Now this Guy has a Plan.

I tested a MT85 bobcat. 

I likey Likey.


----------



## Mustang71 (Mar 26, 2018)

I can only imagine how that handles and with no down pressure Idk how well it would scoop. My atv plow doesn't push dirt it floats.


----------



## blackdogon57 (Mar 26, 2018)

Those stand on track loaders work really well in tight areas but are very slow moving in big spaces and tend to have modest lift capacity compared to a compact tractor.


----------



## DSW (Mar 26, 2018)

hseII said:


> Now this Guy has a Plan.
> 
> I tested a MT85 bobcat.
> 
> I likey Likey.



I'm not familiar with that one but I'm going to assume it's similar to the ones I look at with a little more Grey Poupon.



Mustang71 said:


> I can only imagine how that handles and with no down pressure Idk how well it would scoop. My atv plow doesn't push dirt it floats.



I understand it's capacity is going to be limited right off the bat but the price is what caught me off guard.


----------



## kljahnz (Mar 26, 2018)

I have a 5 acre wooded lot with about 3 acres of cutting.[/QUOTE]

Seems kinda small. What's the topagraphy like? Or are you going to skid logs from somewhere else?

I'd leave the mess in the woods, keep the wood clean and my chains sharp.


----------



## Mustang71 (Mar 27, 2018)

kljahnz said:


> I have a 5 acre wooded lot with about 3 acres of cutting.



Seems kinda small. What's the topagraphy like? Or are you going to skid logs from somewhere else?

I'd leave the mess in the woods, keep the wood clean and my chains sharp.[/QUOTE]
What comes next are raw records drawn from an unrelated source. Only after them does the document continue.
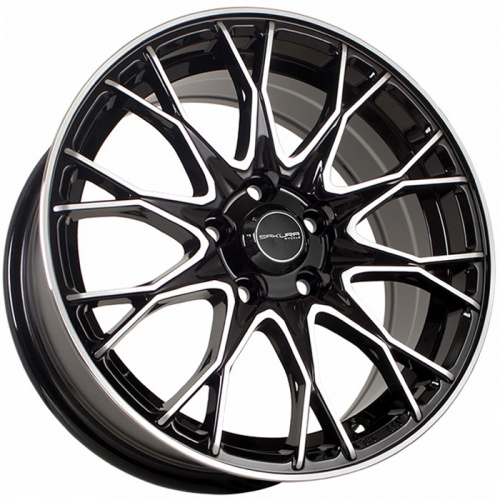 Диски Sakura Wheels D2810-546 6.5xR15/5x114.3 D73.1 ET38 на tireset.ru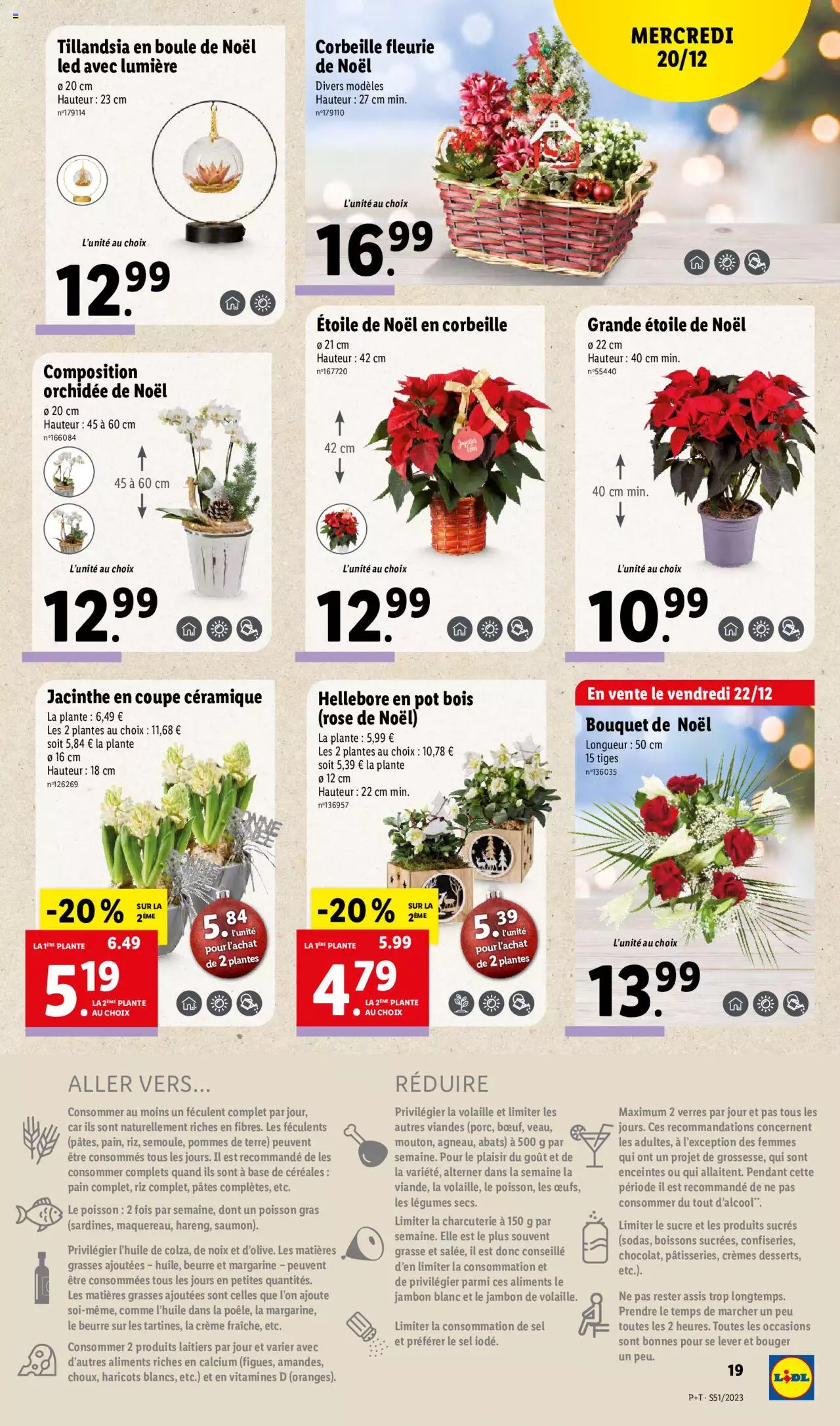Catalogue Lidl 20 – 26 Décembre 2023 Page 19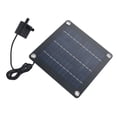 thumbnail image 1 of 20W Solar Panel Kit, Efficient Energy Saving Solar Water Fountain Pump  for Garden, 1 of 8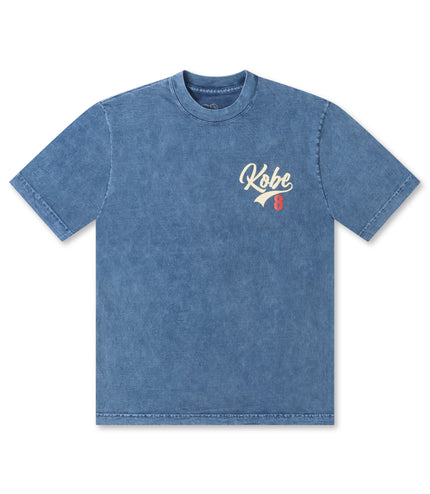 Stargazing Kobe Dodgers T-Shirt - Denim Wash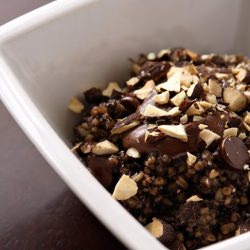 Mocha Crunch Oatmeal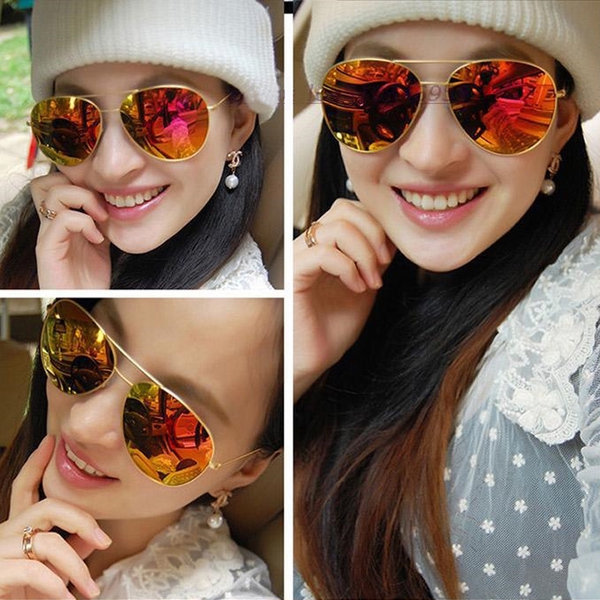 Огледални слънчеви очила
I'm not getting a tractor for fire wood. It's all wet lands around the house. I want to make sure I have a tractor that can pull some stuff if I need to. If I were pulling logs the max I would need to go is like 50 feet to grass.


----------



## leonardo (Mar 27, 2018)

i have a small firewood and brush hogging business. small as in $10,000 a year gross sales for both. use a 5 ft brush mower and pull logs out of the woods and move splits in bucket on front end loader. started out with a 30 hp farm trac. a month after purchase they went out of business. my dealer then became an ls rep. after three years of running the farm trac and realizing it was too under .powered for my needs i traded for a 39 hp ls. 3 years later i traded up to a 45 hp ls. now i am a happy tractor owner. was amazed at the amount dealer gave me on both trades. from my experience i would advise not to go with the sub compact, and more importantly, no belly mower. go with a rear finish mower. if you use your tractor in the woods, no matter how careful you are you'll catch the belly mower on a stump or tree or something and screw up the works. good luck. both my ls tractors were/are impressive machines.


----------



## Finn1 (Mar 28, 2018)

Another vote for the Kioti.

I sold my skidsteer and bought a Kioti CK 4010 hst with a cab. The skid steer was great for dirt work and moving pallets and firewood, but sucked for snow removal and general winter operation because it couldn’t handle ice and any kind of hill or crown on the driveway or road.

The tractor came with a factory cab and 60” front mounted snowblower, along with the quick attach bucket, box blade and loaded tires.

I picked Kioti for the dealer location primarily and price second.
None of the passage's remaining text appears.